Die finanziellen Angelegenheiten regelt der Verein »Jazzgalerie Nickelsdorf/Impro 2000«. Falb kümmert sich nur noch um die Musik. »Hans kennt sich in finanziellen Dingen nicht besonders gut aus«, sagt der befreundete US-amerikanische Musiker Bob Ostertag und korrigiert sich gleich wieder: »Vielleicht ja doch«. Das Festival würde vermutlich in der jetzigen Form nicht mehr existieren, wenn er sich um den kommerziellen Aspekt der Musik Gedanken gemacht hätte, es hätte sich ziemlich sicher ähnlich weit von seinen Anfängen entfernt wie die Festivals in Saalfelden oder in Moers.

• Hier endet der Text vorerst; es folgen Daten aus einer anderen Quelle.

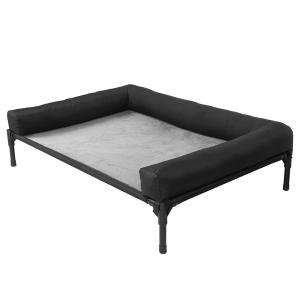 20cm Elevated Outdoor Dog Bed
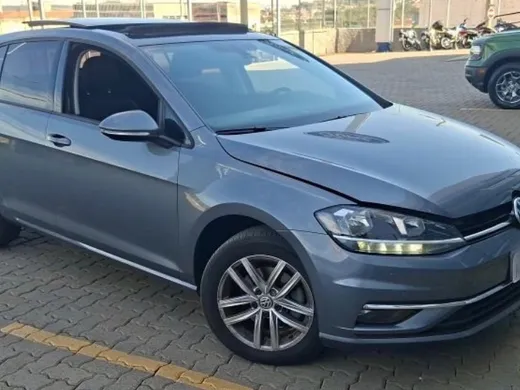 VolksWagen Golf Highline 250 TSI 1.4 Flex 16V Aut.
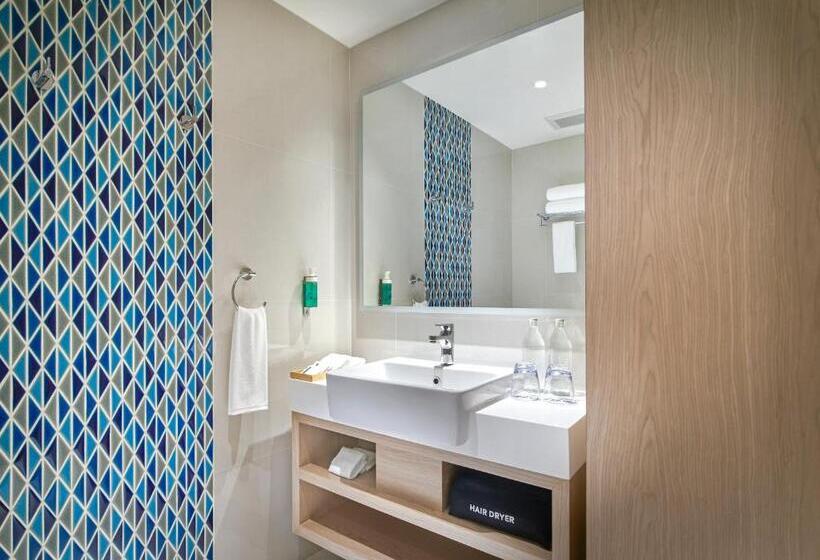 패밀리 룸, Ozo Phuket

Dort kommen jährlich mehrere tausend Menschen zusammen, um Stars wie Herbie Hancock oder Ornette Coleman zu sehen.
Um neue, unbekannte Musiker zu entdecken, trampt Falb durch halb Europa und besucht viele kleine Festivals. Beim »Albert Ayler«-Festival auf Sardinien vor zwei Jahren hat er als Aufräumer gearbeitet und sich so den Aufenthalt dort verdient. »Ich höre viel Musik und weiß so immer, was auf der Welt passiert«, sagt Falb, der sein Programm für die kommenden Jahre immer mit sich herumträgt.
Die Qualität der Festivals in Österreich ist beachtlich: Wels, Ulrichsberg, St. Johann – die Liste ließe sich fortsetzen. Aber warum ist das so? »Wir sind unabhängig geblieben«, sagt Falb. Die Politik hält sich raus. Auch die Rechten ignorieren das Festival mittlerweile. »Die wissen vermutlich gar nicht, dass es uns überhaupt noch gibt«, sagt er. Und auch die öffentlich-rechtlichen Sender haben keinen Einfluss auf das Programm. Glücklicherweise konnte das Festival bislang auf die Unterstützung des SWR bauen. Reinhard Kager, beim Sender bis vor kurzem verantwortlicher Redakteur für den Jazz, kam vor allem als Fan. Der SWR mietete eigens einen Übertragungswagen vom ORF, um die Konzerte am Samstag und Sonntag aufzuzeichnen. Ob Kagers Nachfolger auch ins Burgenland reisen werden, ist unsicher, aber vermutlich auch egal: Nickelsdorf wird weiter auf Konfrontationskurs gehen.